INDECISI A TUTTO Anche l’ex capogruppo del Pd al Comune di Roma, Umberto Marroni, considerato molto vicino a Massimo D’Alema, annuncia il sostegno sebbene con un distinguo: “Pur non condividendo il metodo ho votato la fiducia e voterò a favore della legge, ma proporrò le primarie per i capilista perché sono troppi”. Anche se tre mesi fa diceva: “Più che da esportare, l’Italicum è da correggere ridando a cittadini il diritto di scegliere i propri rappresentanti in Parlamento”. Chi invece comunica il “no” alla riforma è Enzo Lattuca, classe 1988, il più giovane parlamentare di sempre, che accusa il presidente del Consiglio: “La prova di forza si rivela in realtà una prova di debolezza”. E ribadisce senza remore: “Avevo già annunciato il voto contrario al provvedimento, spero che saremo in tanti”. Però, dati alla mano, a meno di clamorosi colpi di scena, non sarà così. E così Donata Lenzi si iscrive alla categoria degli incerti: “Non ho ancora deciso”, dice. E sui tempi della decisione glissa: “Non c’è una scadenza”. Almeno fino al voto in Aula. Stesso discorso per Davide Baruffi, deputato originario di Carpi, un passato da coordinatore della segreteria provinciale dei Ds: “Vedremo, una cosa per volta”. Anche Vincenzo Amendola, responsabile esteri dei dem e fra i papabili per il ruolo di capogruppo a Montecitorio dopo le dimissioni di Speranza, seduto su un divanetto del Transatlantico non scioglie la riserva. Non hanno fornito risposta, invece, Salvatore Capone, Floriana Casellato, Gian Mario Fragomeli, Michele Meta (uomo di fiducia di Goffredo Bettini), Michela Marzano, Elisa Mariano, Daniele Montroni e Mario Tullo, tutti in passato schierati contro l’Italicun. .

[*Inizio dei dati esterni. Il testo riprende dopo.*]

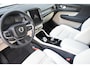 Volvo XC40 T4 211pk [Plug-in] Inscription | 360 | Verwarmde Voorruit | Geti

BOCCIA CI RIPENSA Favorevole al “sì” è poi il deputato-giurista Giuseppe Lauricella, che pure il 31 gennaio scorso diceva: “La legge elettorale arriverà presto alla Camera, dobbiamo modificarla. O togliamo i capilista bloccati o diminuiamo i collegi o facciamo un listino sul piano nazionale”. Oggi, invece, secondo Lauricella ci sarà una convergenza più larga sul testo rispetto ai numeri che circolano. E, un po’ a sorpresa, “sì” all’Italicum anche da due big della minoranza da sempre critici verso Renzi: Francesco Boccia – che l’11 aprile aveva affermato che “se l’Italia non è davvero un Paese bipartitico, per la presenza di forze come il M5S, con l’Italicum rischiamo di ritrovarci più frammentati di prima” – e l’ex ministro del Lavoro Cesare Damiano.